WHAT TO DO
Repeat the entries shown below with every word and mark intact.

########

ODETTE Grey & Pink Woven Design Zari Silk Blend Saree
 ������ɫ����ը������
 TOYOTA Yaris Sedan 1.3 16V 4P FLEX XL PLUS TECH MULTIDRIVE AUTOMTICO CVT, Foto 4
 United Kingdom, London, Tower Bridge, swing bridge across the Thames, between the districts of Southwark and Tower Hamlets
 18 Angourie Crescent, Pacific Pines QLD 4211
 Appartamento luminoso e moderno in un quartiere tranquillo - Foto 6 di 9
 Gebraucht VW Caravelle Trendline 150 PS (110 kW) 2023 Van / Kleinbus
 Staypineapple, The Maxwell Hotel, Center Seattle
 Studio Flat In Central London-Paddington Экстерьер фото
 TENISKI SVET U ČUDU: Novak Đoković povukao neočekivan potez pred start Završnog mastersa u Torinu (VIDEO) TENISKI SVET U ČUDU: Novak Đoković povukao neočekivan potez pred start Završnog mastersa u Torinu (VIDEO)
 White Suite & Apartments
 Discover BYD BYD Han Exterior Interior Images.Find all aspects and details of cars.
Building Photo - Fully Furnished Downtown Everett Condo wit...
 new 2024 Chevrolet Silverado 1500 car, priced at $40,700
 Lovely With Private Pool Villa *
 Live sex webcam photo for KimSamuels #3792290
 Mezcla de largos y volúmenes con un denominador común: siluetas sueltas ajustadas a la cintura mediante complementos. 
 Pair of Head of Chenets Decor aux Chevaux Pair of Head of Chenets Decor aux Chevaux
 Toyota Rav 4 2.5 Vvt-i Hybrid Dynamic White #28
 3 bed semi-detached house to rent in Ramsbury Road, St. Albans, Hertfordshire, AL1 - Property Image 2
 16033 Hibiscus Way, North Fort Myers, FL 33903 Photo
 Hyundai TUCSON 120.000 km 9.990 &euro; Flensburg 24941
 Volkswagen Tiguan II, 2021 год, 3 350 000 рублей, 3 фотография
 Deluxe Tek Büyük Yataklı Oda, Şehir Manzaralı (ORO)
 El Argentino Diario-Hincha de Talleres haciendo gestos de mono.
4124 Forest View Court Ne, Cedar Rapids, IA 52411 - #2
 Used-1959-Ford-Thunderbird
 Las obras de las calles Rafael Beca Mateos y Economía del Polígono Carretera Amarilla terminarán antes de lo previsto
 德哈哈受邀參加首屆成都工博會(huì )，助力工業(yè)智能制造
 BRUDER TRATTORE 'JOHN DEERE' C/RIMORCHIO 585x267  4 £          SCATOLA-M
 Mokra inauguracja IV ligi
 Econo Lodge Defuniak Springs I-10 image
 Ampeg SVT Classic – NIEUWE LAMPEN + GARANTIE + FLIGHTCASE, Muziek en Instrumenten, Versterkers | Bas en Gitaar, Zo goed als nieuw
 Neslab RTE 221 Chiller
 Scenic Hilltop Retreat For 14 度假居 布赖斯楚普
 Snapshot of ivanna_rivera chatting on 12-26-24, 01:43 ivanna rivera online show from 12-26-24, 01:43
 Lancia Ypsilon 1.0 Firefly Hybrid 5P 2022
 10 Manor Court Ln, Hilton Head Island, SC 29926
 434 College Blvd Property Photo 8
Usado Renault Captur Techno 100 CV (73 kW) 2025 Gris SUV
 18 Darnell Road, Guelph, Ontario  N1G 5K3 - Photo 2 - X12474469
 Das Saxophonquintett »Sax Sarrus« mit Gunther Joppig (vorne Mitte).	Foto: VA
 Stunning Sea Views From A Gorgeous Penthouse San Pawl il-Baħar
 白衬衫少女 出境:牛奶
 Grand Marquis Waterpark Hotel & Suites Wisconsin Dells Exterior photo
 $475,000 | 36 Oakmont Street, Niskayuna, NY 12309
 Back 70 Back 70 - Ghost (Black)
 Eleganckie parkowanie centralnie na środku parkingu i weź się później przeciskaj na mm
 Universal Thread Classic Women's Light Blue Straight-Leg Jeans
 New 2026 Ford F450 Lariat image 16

########

ANSWER FOR THIS EXERCISE
ODETTE Grey & Pink Woven Design Zari Silk Blend Saree
 ������ɫ����ը������
 TOYOTA Yaris Sedan 1.3 16V 4P FLEX XL PLUS TECH MULTIDRIVE AUTOMTICO CVT, Foto 4
 United Kingdom, London, Tower Bridge, swing bridge across the Thames, between the districts of Southwark and Tower Hamlets
 18 Angourie Crescent, Pacific Pines QLD 4211
 Appartamento luminoso e moderno in un quartiere tranquillo - Foto 6 di 9
 Gebraucht VW Caravelle Trendline 150 PS (110 kW) 2023 Van / Kleinbus
 Staypineapple, The Maxwell Hotel, Center Seattle
 Studio Flat In Central London-Paddington Экстерьер фото
 TENISKI SVET U ČUDU: Novak Đoković povukao neočekivan potez pred start Završnog mastersa u Torinu (VIDEO) TENISKI SVET U ČUDU: Novak Đoković povukao neočekivan potez pred start Završnog mastersa u Torinu (VIDEO)
 White Suite & Apartments
 Discover BYD BYD Han Exterior Interior Images.Find all aspects and details of cars.
Building Photo - Fully Furnished Downtown Everett Condo wit...
 new 2024 Chevrolet Silverado 1500 car, priced at $40,700
 Lovely With Private Pool Villa *
 Live sex webcam photo for KimSamuels #3792290
 Mezcla de largos y volúmenes con un denominador común: siluetas sueltas ajustadas a la cintura mediante complementos. 
 Pair of Head of Chenets Decor aux Chevaux Pair of Head of Chenets Decor aux Chevaux
 Toyota Rav 4 2.5 Vvt-i Hybrid Dynamic White #28
 3 bed semi-detached house to rent in Ramsbury Road, St. Albans, Hertfordshire, AL1 - Property Image 2
 16033 Hibiscus Way, North Fort Myers, FL 33903 Photo
 Hyundai TUCSON 120.000 km 9.990 &euro; Flensburg 24941
 Volkswagen Tiguan II, 2021 год, 3 350 000 рублей, 3 фотография
 Deluxe Tek Büyük Yataklı Oda, Şehir Manzaralı (ORO)
 El Argentino Diario-Hincha de Talleres haciendo gestos de mono.
4124 Forest View Court Ne, Cedar Rapids, IA 52411 - #2
 Used-1959-Ford-Thunderbird
 Las obras de las calles Rafael Beca Mateos y Economía del Polígono Carretera Amarilla terminarán antes de lo previsto
 德哈哈受邀參加首屆成都工博會(huì )，助力工業(yè)智能制造
 BRUDER TRATTORE 'JOHN DEERE' C/RIMORCHIO 585x267  4 £          SCATOLA-M
 Mokra inauguracja IV ligi
 Econo Lodge Defuniak Springs I-10 image
 Ampeg SVT Classic – NIEUWE LAMPEN + GARANTIE + FLIGHTCASE, Muziek en Instrumenten, Versterkers | Bas en Gitaar, Zo goed als nieuw
 Neslab RTE 221 Chiller
 Scenic Hilltop Retreat For 14 度假居 布赖斯楚普
 Snapshot of ivanna_rivera chatting on 12-26-24, 01:43 ivanna rivera online show from 12-26-24, 01:43
 Lancia Ypsilon 1.0 Firefly Hybrid 5P 2022
 10 Manor Court Ln, Hilton Head Island, SC 29926
 434 College Blvd Property Photo 8
Usado Renault Captur Techno 100 CV (73 kW) 2025 Gris SUV
 18 Darnell Road, Guelph, Ontario  N1G 5K3 - Photo 2 - X12474469
 Das Saxophonquintett »Sax Sarrus« mit Gunther Joppig (vorne Mitte).	Foto: VA
 Stunning Sea Views From A Gorgeous Penthouse San Pawl il-Baħar
 白衬衫少女 出境:牛奶
 Grand Marquis Waterpark Hotel & Suites Wisconsin Dells Exterior photo
 $475,000 | 36 Oakmont Street, Niskayuna, NY 12309
 Back 70 Back 70 - Ghost (Black)
 Eleganckie parkowanie centralnie na środku parkingu i weź się później przeciskaj na mm
 Universal Thread Classic Women's Light Blue Straight-Leg Jeans
 New 2026 Ford F450 Lariat image 16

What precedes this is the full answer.